Brief
Please return only the lines from the one with "Notebook Asus Tuf" through the final line of the data, unchanged, with pictures omitted.

Information shown
________________

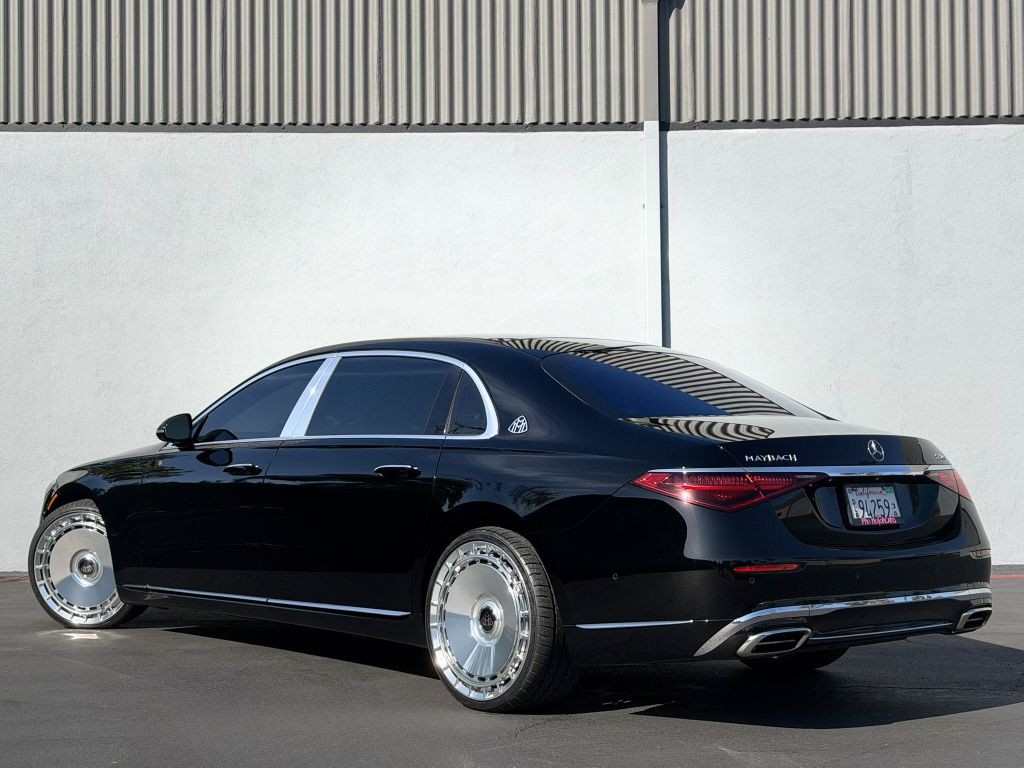 2022 Mercedes-Benz S-Class Image 3
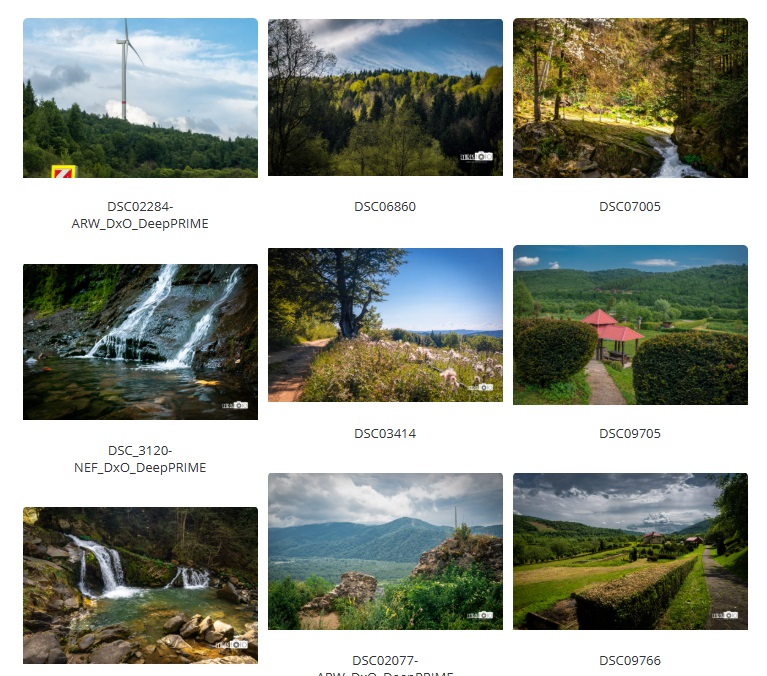 Фотосерія “Карпати 2025”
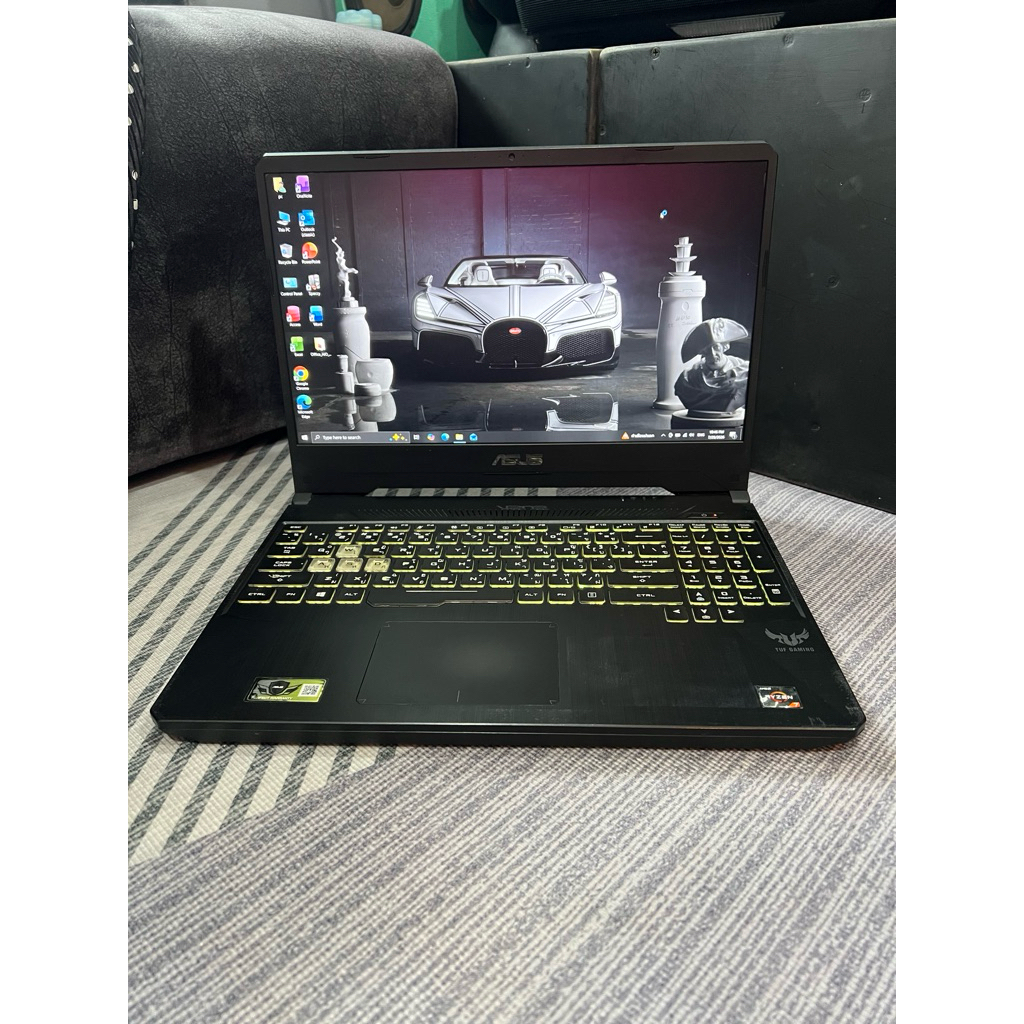 Notebook Asus Tuf gaming สภาพดีมือสองพร้อมใช้งานอ่านก่อนพร้อมส่งสั่งเลย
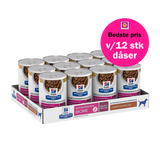 Hill's PRESCRIPTION DIET - Gastrointestinal Biome til hunde, Stew med kylling og gulerødder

________________

Solution to the problem
 Notebook Asus Tuf gaming สภาพดีมือสองพร้อมใช้งานอ่านก่อนพร้อมส่งสั่งเลย
 Hill's PRESCRIPTION DIET - Gastrointestinal Biome til hunde, Stew med kylling og gulerødder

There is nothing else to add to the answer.